Only the pictures are dropped. Restate each line below word for word.

PROVIDED MATERIAL –
- - -
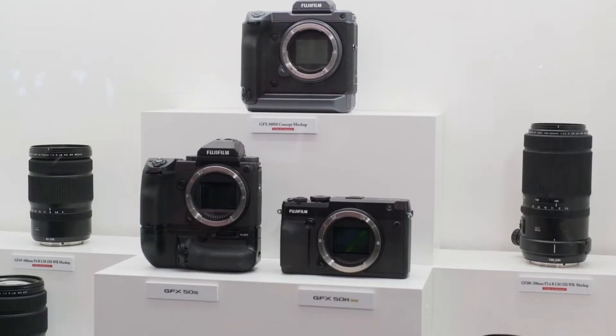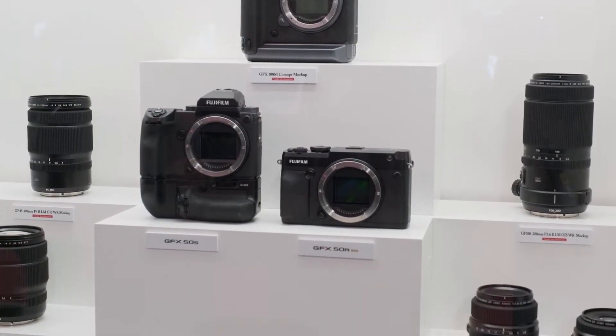Makoto-san, you've just introduced two cameras from the GFX family. One is the GFX 50R and the other one is the GFX 100, which has filmmakers very interested. It sounds like a very interesting camera. But first things first, let's talk about the GFX 50R. What's the difference between this one and the GFX 50S?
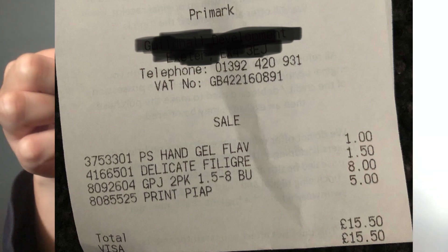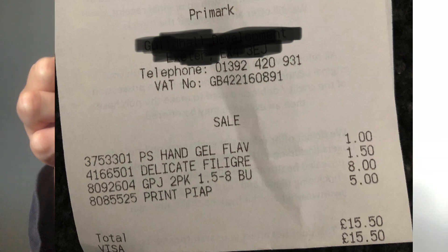So I went the other day to Primark to buy some stuff and to spend only 15 pounds. But unfortunately I didn't quite hit the target — I spent 15 pounds 50, which is not bad for my first time doing this challenge. For the proof of purchase, here it is, and as you can see I spent 15 pounds 50. So now let's see what I've got.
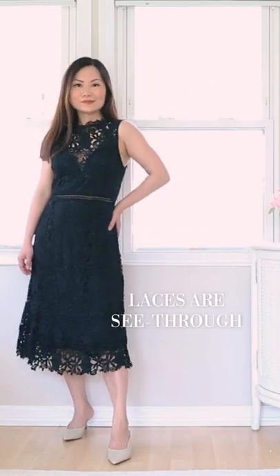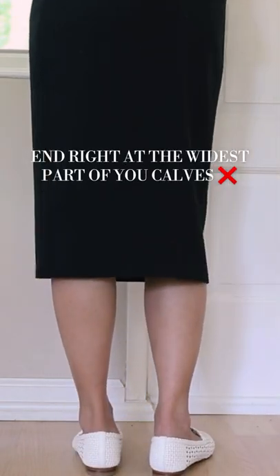Do wear lace dresses. Even though they're midi length, because lace is see-through, they're not going to make your legs look cut off.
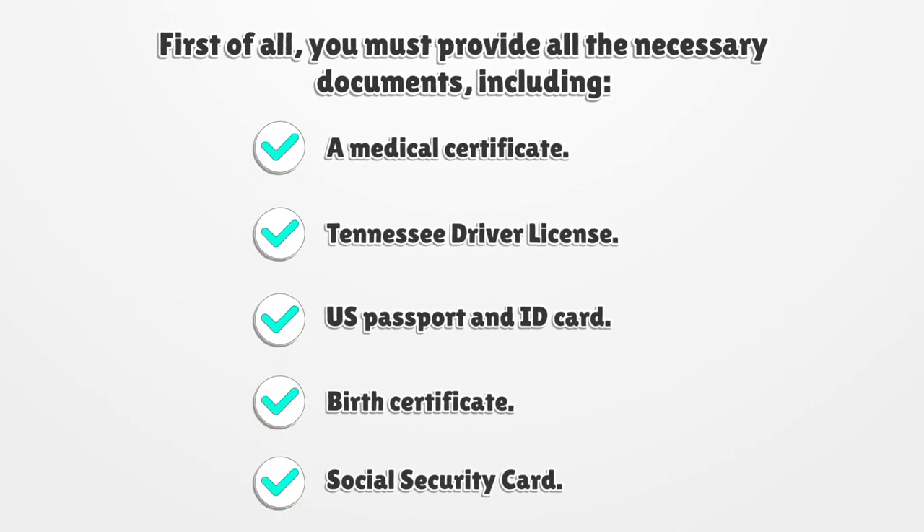First of all, you must provide all the necessary documents, including a Medical Certificate, Tennessee Driver License, U.S. Passport and ID Card, Birth Certificate, and Social Security Card.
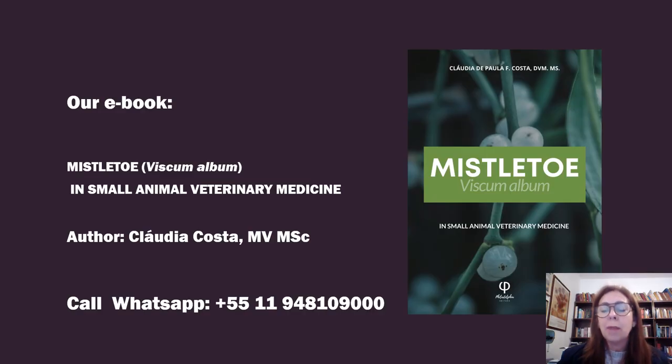If you want to know more about Mistletoe, we have our e-book in English — Mistletoe: Viscum Album in Small Animal Veterinary Medicine. I am the author. I'm working with Mistletoe since 2008 and I have a collection of cases with very good results. If you want to order the book, just call me on WhatsApp. I hope you enjoyed this brief explanation — Mistletoe is very interesting and I love this plant for treating cancer. Follow me, give your like and subscribe. Thank you for your attention.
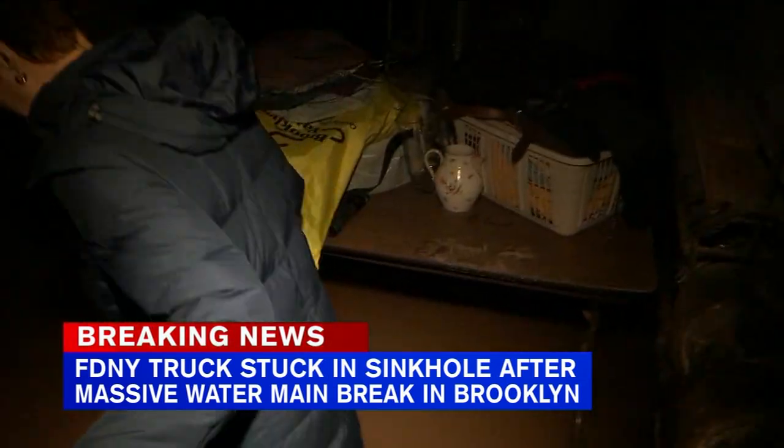This woman said her family just got back from vacation and they haven't even put away their luggage. At this hour, firefighters are still on the scene.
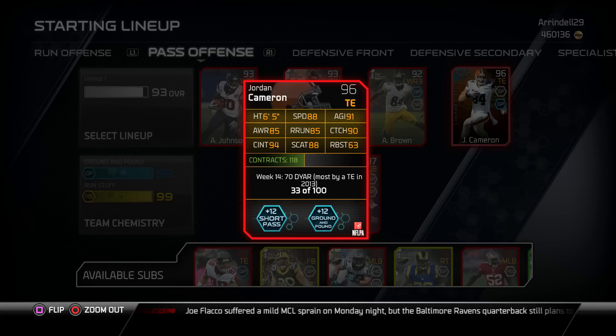The card also has 85 route running, 90 catch, 94 catching in traffic, 88 specific catch, and 63 run block strength. This card also comes with a plus 12 short pass and a plus 12 ground pound.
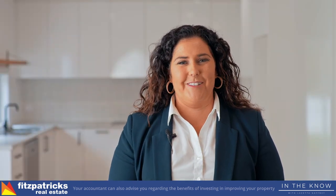That's the wrap of this month's In The Know with Lizetta Gaffney at Fitzpatrick's Real Estate.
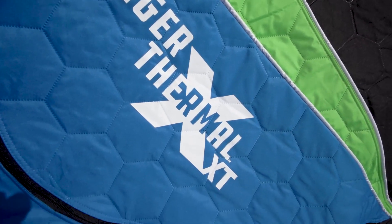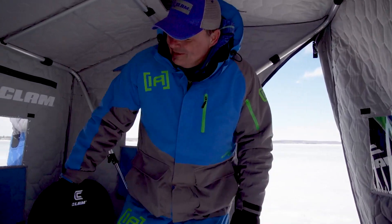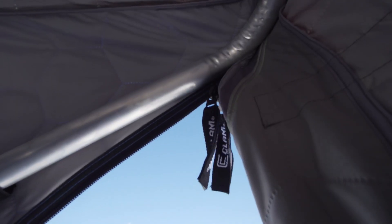On our two-person models we've added true side doors. With the new XT side doors on the Clam fish traps, it's easy in, easy out — lots of space. You're not stepping over your gear, you're not stepping into holes. It makes everything even more accessible.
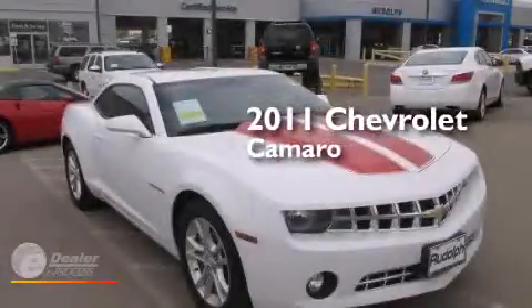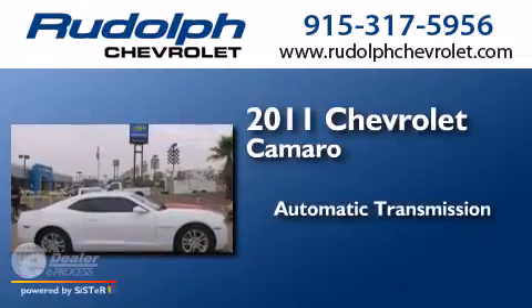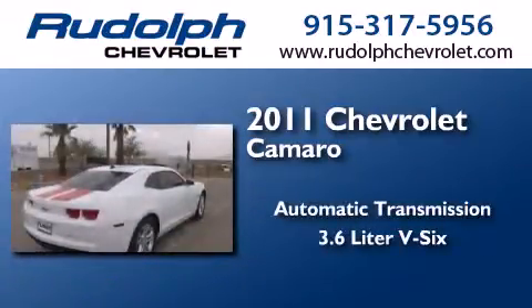This is a 2011 Chevrolet Camaro. This car has an automatic transmission and a 3.6 liter V6.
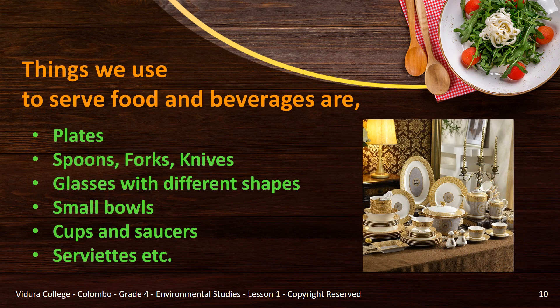First, you need basic utensils or things needed to serve food and beverages. They are plates, cutleries such as spoons, forks and knives, glasses with different shapes for different drinks, small bowls, cups and saucers, serviettes, etc.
- - -
SOLUTION TO THE PROBLEM –
Makoto-san, you've just introduced two cameras from the GFX family. One is the GFX 50R and the other one is the GFX 100, which has filmmakers very interested. It sounds like a very interesting camera. But first things first, let's talk about the GFX 50R. What's the difference between this one and the GFX 50S?
So I went the other day to Primark to buy some stuff and to spend only 15 pounds. But unfortunately I didn't quite hit the target — I spent 15 pounds 50, which is not bad for my first time doing this challenge. For the proof of purchase, here it is, and as you can see I spent 15 pounds 50. So now let's see what I've got.
Do wear lace dresses. Even though they're midi length, because lace is see-through, they're not going to make your legs look cut off.
First of all, you must provide all the necessary documents, including a Medical Certificate, Tennessee Driver License, U.S. Passport and ID Card, Birth Certificate, and Social Security Card.
If you want to know more about Mistletoe, we have our e-book in English — Mistletoe: Viscum Album in Small Animal Veterinary Medicine. I am the author. I'm working with Mistletoe since 2008 and I have a collection of cases with very good results. If you want to order the book, just call me on WhatsApp. I hope you enjoyed this brief explanation — Mistletoe is very interesting and I love this plant for treating cancer. Follow me, give your like and subscribe. Thank you for your attention.
This woman said her family just got back from vacation and they haven't even put away their luggage. At this hour, firefighters are still on the scene.
The card also has 85 route running, 90 catch, 94 catching in traffic, 88 specific catch, and 63 run block strength. This card also comes with a plus 12 short pass and a plus 12 ground pound.
That's the wrap of this month's In The Know with Lizetta Gaffney at Fitzpatrick's Real Estate.
On our two-person models we've added true side doors. With the new XT side doors on the Clam fish traps, it's easy in, easy out — lots of space. You're not stepping over your gear, you're not stepping into holes. It makes everything even more accessible.
This is a 2011 Chevrolet Camaro. This car has an automatic transmission and a 3.6 liter V6.
First, you need basic utensils or things needed to serve food and beverages. They are plates, cutleries such as spoons, forks and knives, glasses with different shapes for different drinks, small bowls, cups and saucers, serviettes, etc.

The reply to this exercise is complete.